Applied Genetic Technologies Corp. and Biogen Inc. terminated a collaboration to develop gene-based therapies for inherited eye disorders following the failure of an early-stage study.
As a result, Applied Genetics will regain the full rights to the programs included in the July 2015 partnership which covers the development and commercialization of the company's portfolio of drug candidates intended to treat orphan diseases of the retina, including X-linked retinoschisis, X-linked retinitis pigmentosa and three other discovery programs.

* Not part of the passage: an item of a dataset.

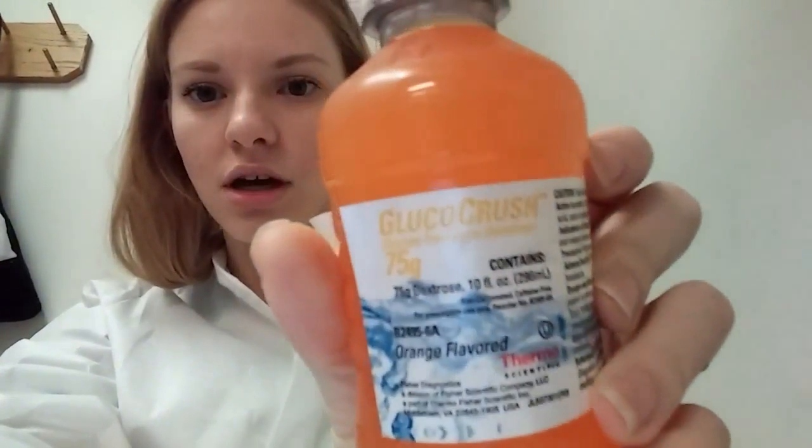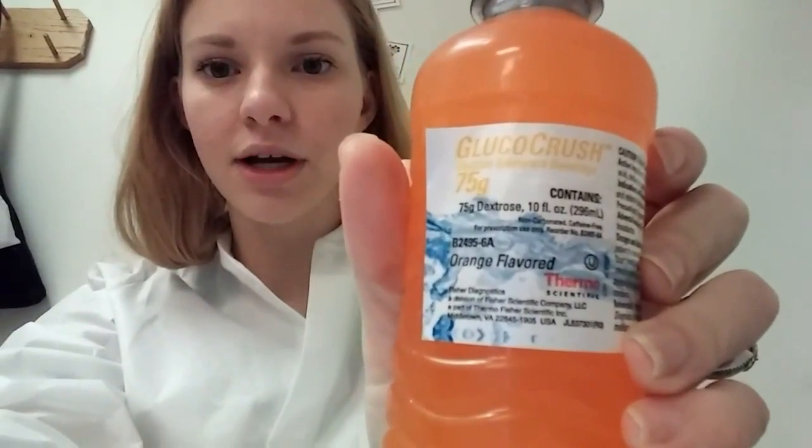If your fasting level is less than 126, you'll get your drink. You have to drink the glucola in less than five to ten minutes. Here is the orange flavor — it's called Gluco Crush. This is a 75-gram bottle; pregnant adults receive the 100-gram version. The drink contains water, dextrose from corn, natural flavoring, citric acid, sodium benzoate, and yellow and red color dyes.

X-linked retinoschisis, or XLRS, is a condition characterized by impaired vision that begins in childhood and occurs almost exclusively in males. X-linked retinitis pigmentosa, or XLRP, is an inherited condition that causes blindness in men due to mutation in the RPGR gene which is responsible for making a protein essential for normal vision.
The phase 1/2 study investigated rAAV2tYF-CB-hRS1 in patients with XLRS due to mutations in the RS1 gene which provides instructions for the production of the protein called retinoschisin and is found in the retina.
After six months of treatment, the drug was generally safe and well-tolerated but did not show any signs of clinical activity. Applied Genetic Technologies intends to halt the drug's development in XLRS once patient monitoring activities have been completed.
The Alachua, Fla.-based company said it will continue the ongoing clinical studies of rAAV2tYF-CB-hRS1 in patients with XLRP and achromatopsia, or color blindness.